(Data in this exercise Opens)

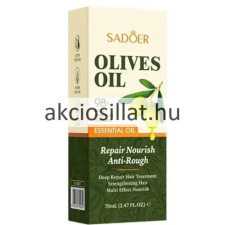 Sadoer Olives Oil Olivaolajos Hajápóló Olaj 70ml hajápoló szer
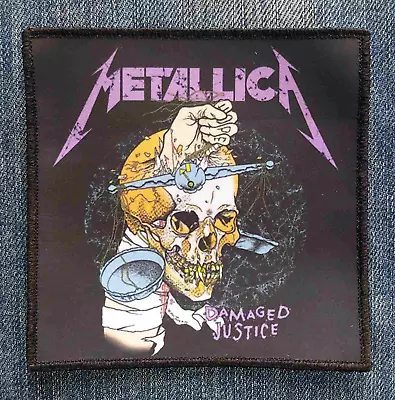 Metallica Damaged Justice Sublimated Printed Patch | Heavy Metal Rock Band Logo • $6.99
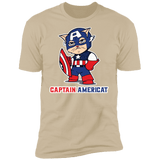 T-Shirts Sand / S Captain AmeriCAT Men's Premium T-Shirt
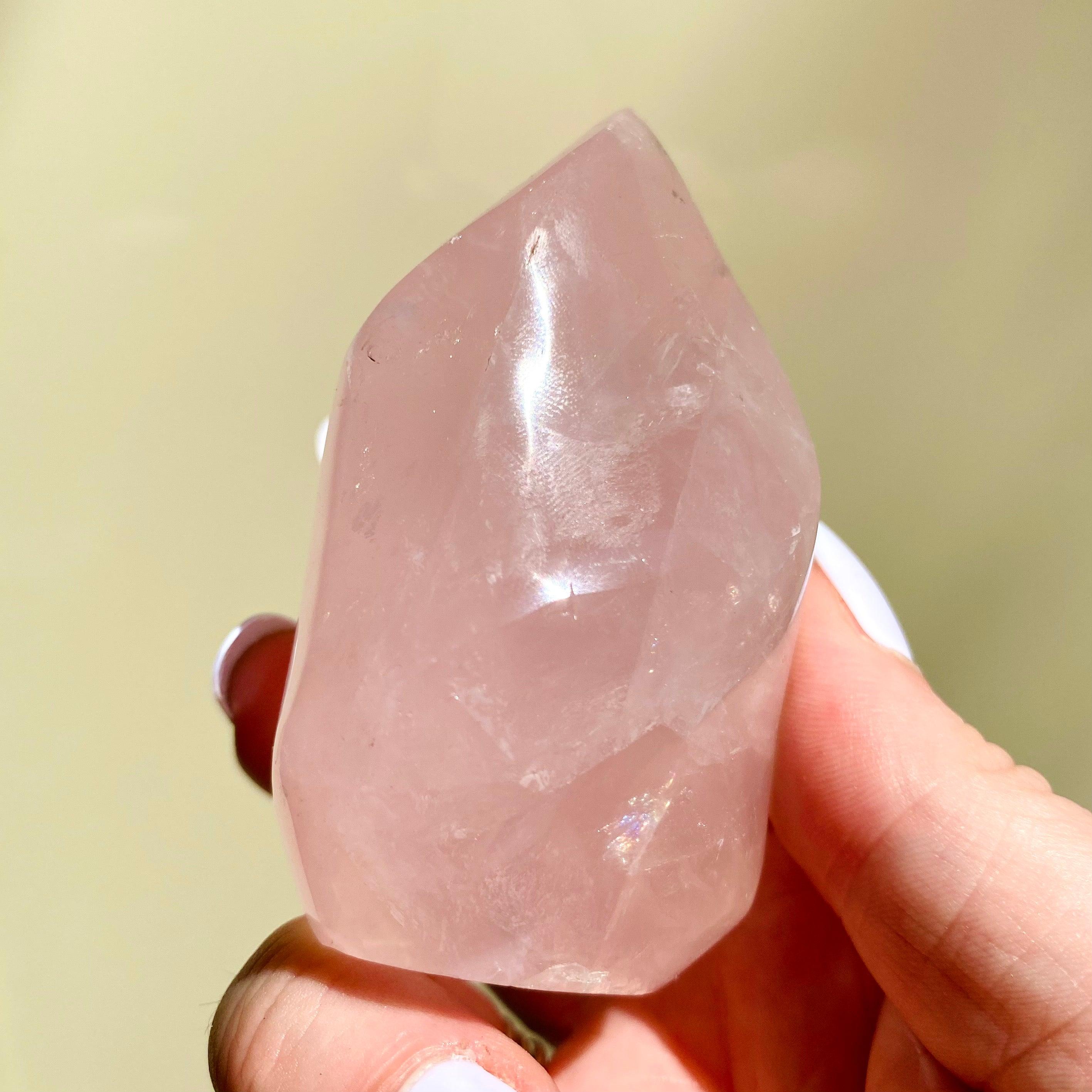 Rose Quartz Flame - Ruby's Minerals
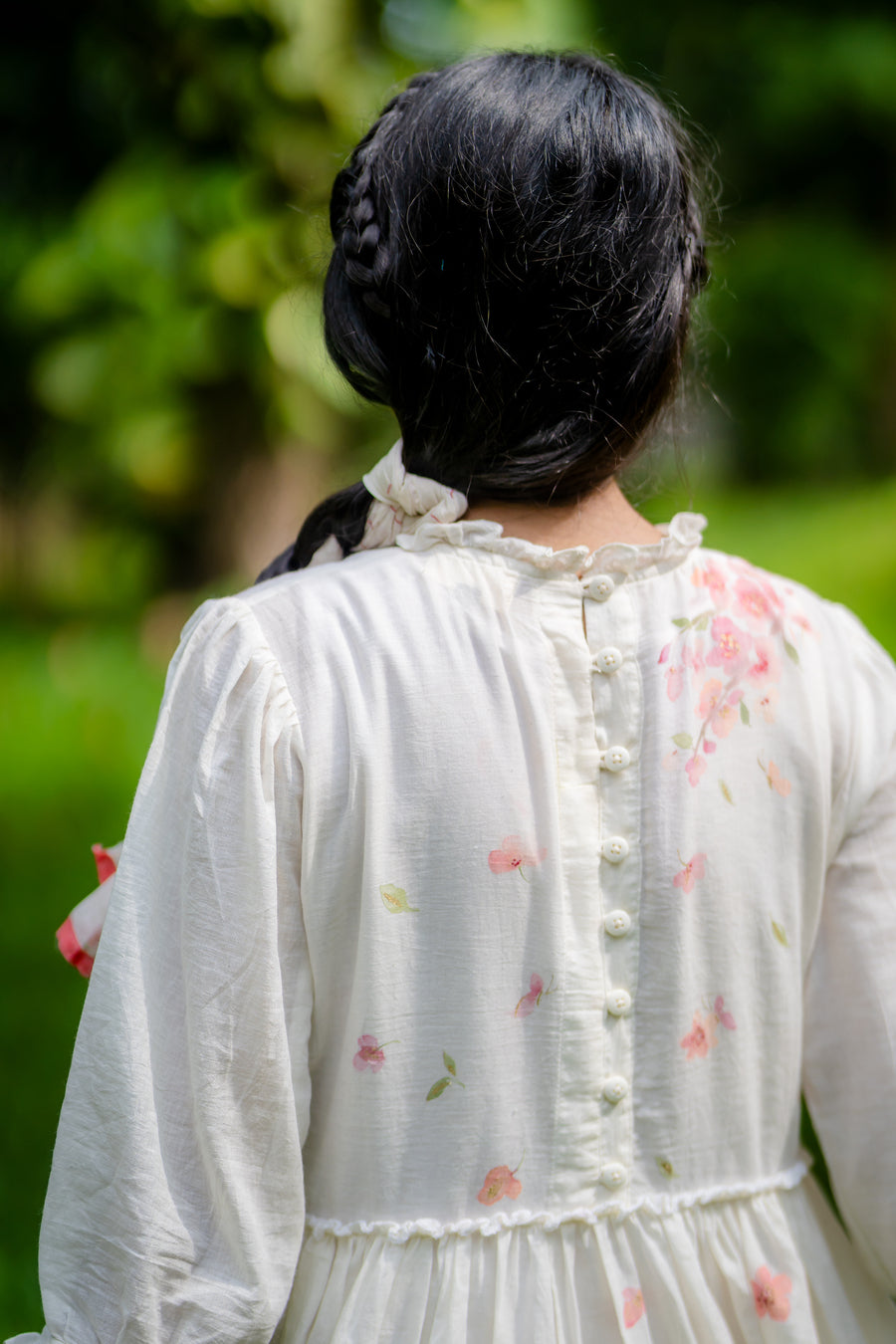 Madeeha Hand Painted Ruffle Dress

(Data in this exercise Closes)
(Data in this exercise Opens)

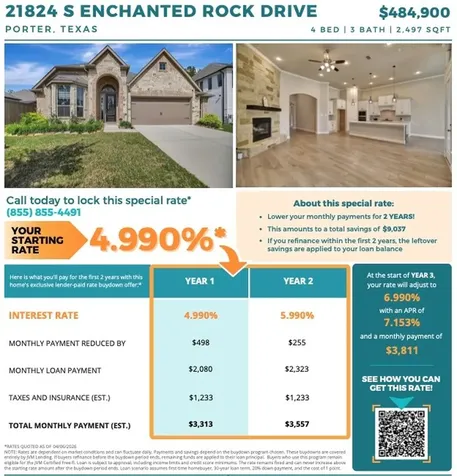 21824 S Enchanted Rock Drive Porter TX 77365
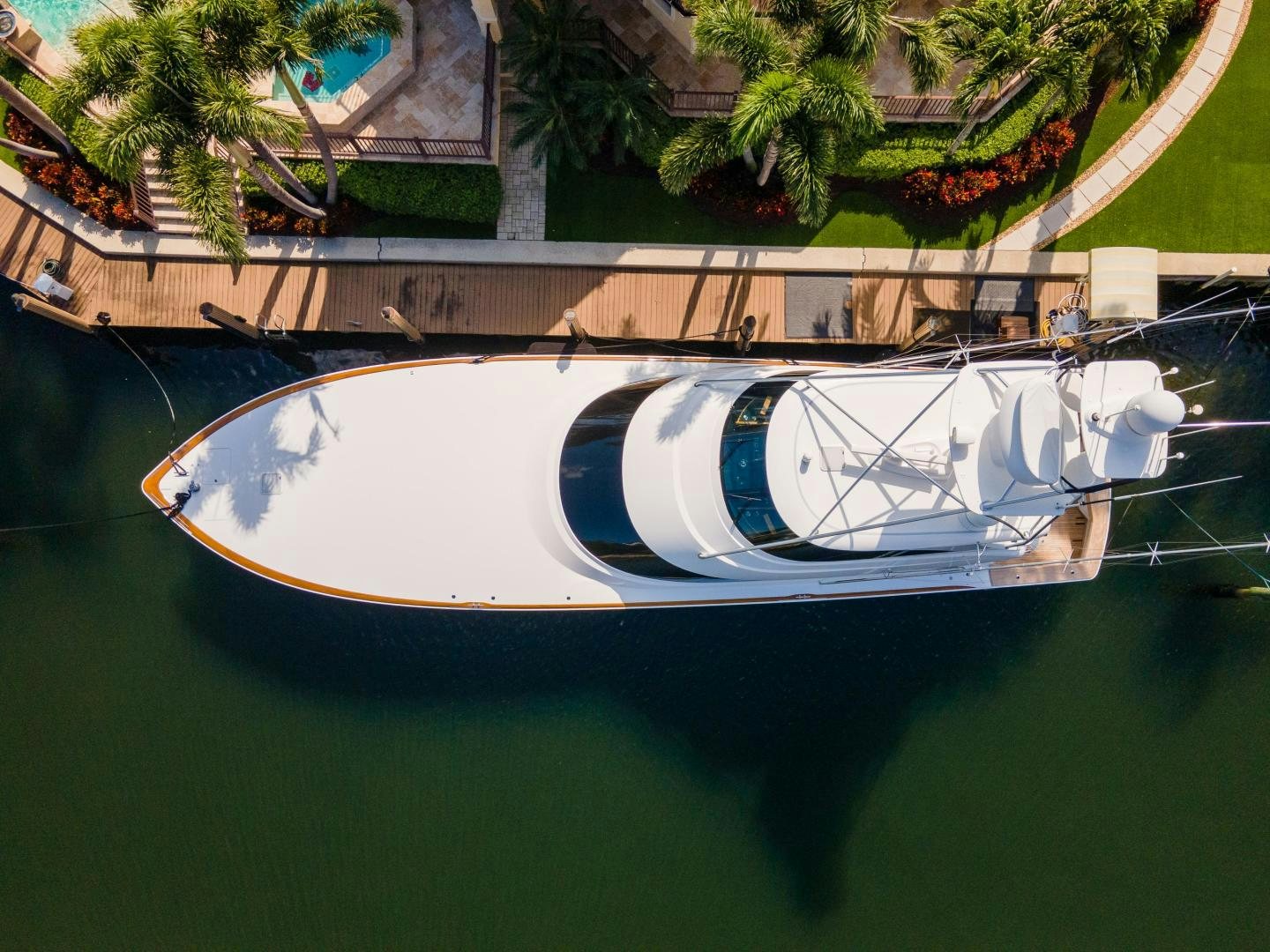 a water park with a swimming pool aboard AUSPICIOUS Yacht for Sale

(Data in this exercise Closes)

- **What you need to do**
Look above for the line containing "Sadoer Olives Oil", then write out every line from there down to the line containing "Madeeha Hand Painted Ruffle Dress", that line included, with no pictures.

- **Exercise result**
 Sadoer Olives Oil Olivaolajos Hajápóló Olaj 70ml hajápoló szer
 Metallica Damaged Justice Sublimated Printed Patch | Heavy Metal Rock Band Logo • $6.99
 T-Shirts Sand / S Captain AmeriCAT Men's Premium T-Shirt
 Rose Quartz Flame - Ruby's Minerals
 Madeeha Hand Painted Ruffle Dress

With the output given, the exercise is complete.